Minister sprawiedliwości nie będzie mógł odwołać prezesa lub wiceprezesa sądu, jeżeli sprzeciwi się temu Krajowa Rada Sądownictwa, a prezydent będzie mógł zapytać radę o zdanie na temat dalszego zajmowania stanowiska przez sędziego Sądu Najwyższego po tym, jak osiągnie wiek uprawniający do przejścia w stan spoczynku.
To tylko niektóre z rozwiązań w wymiarze sprawiedliwości, jakie dziś wchodzą w życie (Dz.U. z 2018 r. poz. 847).
Nowelizacja wprowadza również zmiany w składzie kolegiów sądów okręgowych. Teraz mają w nich zasiadać nie tylko sędziowie wybierani przez samorząd, ale także sędziowie funkcyjni wskazywani przez ministra sprawiedliwości – prezes SO oraz najstarszy służbą wiceprezes.
Ustawodawca wrócił ponadto do rozwiązania, zgodnie z którym sędziowie niezależnie od płci przechodzą w stan spoczynku w wieku 65 lat.
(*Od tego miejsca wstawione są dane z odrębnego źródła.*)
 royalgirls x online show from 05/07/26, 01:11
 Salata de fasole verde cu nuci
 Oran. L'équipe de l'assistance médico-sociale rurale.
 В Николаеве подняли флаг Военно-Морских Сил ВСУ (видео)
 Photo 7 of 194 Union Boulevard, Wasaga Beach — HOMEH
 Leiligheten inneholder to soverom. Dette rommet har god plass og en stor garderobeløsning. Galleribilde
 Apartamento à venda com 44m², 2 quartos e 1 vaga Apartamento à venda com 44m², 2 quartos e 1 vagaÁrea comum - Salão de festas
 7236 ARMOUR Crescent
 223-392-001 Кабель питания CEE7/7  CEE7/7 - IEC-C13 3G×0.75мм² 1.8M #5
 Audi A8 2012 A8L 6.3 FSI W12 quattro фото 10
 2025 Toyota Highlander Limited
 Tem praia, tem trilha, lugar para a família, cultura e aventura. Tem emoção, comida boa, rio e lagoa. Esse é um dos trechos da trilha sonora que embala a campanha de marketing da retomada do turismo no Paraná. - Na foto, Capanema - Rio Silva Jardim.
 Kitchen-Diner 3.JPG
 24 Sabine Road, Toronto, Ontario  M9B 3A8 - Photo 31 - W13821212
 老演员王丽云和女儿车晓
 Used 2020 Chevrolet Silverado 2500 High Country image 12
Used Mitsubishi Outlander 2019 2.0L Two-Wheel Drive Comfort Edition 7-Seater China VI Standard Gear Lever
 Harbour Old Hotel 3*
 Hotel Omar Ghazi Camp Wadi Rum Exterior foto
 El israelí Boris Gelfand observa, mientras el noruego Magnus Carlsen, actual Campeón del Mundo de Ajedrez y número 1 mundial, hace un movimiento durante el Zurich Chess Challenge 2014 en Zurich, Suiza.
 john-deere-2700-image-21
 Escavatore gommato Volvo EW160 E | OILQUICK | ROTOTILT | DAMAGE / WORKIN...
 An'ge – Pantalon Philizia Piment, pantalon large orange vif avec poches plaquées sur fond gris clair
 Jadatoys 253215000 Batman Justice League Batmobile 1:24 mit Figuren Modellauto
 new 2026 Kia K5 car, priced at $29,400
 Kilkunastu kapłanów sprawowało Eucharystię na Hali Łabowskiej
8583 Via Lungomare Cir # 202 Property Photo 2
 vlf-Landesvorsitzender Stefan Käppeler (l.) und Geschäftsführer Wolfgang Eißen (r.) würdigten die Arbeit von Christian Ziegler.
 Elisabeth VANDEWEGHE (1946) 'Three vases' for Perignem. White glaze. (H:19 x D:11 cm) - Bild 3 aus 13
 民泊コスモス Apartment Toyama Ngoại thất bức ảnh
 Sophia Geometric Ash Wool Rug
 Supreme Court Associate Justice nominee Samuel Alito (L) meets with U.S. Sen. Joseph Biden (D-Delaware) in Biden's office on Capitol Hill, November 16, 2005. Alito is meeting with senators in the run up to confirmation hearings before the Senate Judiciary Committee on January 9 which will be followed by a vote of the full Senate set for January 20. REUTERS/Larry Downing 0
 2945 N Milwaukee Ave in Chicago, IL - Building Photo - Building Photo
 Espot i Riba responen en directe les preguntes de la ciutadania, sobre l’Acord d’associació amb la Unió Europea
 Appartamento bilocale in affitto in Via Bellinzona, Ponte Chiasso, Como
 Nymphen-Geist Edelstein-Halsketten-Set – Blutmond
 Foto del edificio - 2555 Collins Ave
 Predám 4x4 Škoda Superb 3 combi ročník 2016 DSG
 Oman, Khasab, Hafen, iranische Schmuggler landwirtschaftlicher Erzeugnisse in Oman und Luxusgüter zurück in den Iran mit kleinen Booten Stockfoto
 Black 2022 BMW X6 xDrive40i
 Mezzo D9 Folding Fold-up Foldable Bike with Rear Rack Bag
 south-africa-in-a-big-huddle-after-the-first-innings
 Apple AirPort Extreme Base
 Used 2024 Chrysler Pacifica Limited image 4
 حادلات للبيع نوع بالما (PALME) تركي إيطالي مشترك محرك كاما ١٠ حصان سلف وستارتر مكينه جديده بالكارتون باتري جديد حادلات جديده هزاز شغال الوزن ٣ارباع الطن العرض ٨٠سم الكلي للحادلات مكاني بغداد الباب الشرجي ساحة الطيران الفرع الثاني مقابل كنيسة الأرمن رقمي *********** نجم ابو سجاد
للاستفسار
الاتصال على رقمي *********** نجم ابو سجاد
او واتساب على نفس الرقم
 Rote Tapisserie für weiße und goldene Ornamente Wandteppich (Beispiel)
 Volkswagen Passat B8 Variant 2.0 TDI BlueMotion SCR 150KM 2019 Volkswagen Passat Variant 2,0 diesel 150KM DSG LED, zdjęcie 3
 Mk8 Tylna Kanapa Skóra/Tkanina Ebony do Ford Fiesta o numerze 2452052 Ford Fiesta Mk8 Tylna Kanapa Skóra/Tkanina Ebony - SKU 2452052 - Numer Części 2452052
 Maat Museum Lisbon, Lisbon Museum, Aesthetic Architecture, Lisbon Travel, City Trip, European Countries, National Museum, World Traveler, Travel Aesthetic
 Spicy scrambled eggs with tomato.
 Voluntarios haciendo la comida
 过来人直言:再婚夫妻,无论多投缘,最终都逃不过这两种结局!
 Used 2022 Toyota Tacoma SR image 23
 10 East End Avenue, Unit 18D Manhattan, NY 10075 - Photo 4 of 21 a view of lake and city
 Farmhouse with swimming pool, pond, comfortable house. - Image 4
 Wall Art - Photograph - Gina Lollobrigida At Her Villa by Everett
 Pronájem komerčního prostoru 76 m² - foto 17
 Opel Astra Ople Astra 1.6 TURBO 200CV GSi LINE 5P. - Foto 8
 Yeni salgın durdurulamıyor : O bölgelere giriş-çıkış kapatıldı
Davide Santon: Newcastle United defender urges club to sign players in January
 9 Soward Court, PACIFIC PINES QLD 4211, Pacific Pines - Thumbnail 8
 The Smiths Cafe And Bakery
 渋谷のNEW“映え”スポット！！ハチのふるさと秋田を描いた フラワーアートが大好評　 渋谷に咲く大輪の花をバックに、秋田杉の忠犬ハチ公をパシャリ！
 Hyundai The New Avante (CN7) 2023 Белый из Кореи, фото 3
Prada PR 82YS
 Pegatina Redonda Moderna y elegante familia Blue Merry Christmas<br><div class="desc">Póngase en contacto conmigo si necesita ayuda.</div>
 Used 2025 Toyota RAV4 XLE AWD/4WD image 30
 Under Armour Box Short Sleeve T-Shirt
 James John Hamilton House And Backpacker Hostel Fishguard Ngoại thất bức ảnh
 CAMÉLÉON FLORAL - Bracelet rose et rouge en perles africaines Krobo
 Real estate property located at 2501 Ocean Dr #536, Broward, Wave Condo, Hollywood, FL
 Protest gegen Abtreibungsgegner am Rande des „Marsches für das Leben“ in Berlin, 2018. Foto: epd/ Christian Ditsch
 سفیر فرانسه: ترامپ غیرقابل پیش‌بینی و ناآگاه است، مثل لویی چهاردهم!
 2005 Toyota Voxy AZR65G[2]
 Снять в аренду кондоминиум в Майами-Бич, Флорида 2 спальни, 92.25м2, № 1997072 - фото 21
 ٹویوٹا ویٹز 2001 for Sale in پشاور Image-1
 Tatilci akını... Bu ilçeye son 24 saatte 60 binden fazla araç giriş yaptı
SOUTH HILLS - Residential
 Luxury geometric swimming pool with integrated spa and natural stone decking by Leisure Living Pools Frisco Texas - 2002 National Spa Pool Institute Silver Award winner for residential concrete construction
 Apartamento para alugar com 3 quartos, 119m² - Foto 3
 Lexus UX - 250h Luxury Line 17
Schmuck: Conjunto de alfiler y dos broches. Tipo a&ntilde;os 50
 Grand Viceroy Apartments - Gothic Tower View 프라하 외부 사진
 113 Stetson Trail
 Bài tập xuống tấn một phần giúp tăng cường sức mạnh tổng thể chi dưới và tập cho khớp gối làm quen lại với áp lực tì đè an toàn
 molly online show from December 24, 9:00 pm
Obowiązujące przez krótki okres rozwiązanie, zgodnie z którym sędziowie kobiety musiały odchodzić ze służby po ukończeniu 60. roku życia, było krytykowane m.in. przez Komisję Europejską.
Wszystkie wchodzące dziś w życie zmiany mają być próbą udowodnienia unijnym organom, że w Polsce praworządność nie jest zagrożona, a władza wykonawcza nie ingeruje w nadmierny sposób w sądownictwo. Jednak zdaniem m.in. większości środowiska sędziowskiego są to ruchy pozorowane, które nie uzdrowią sytuacji.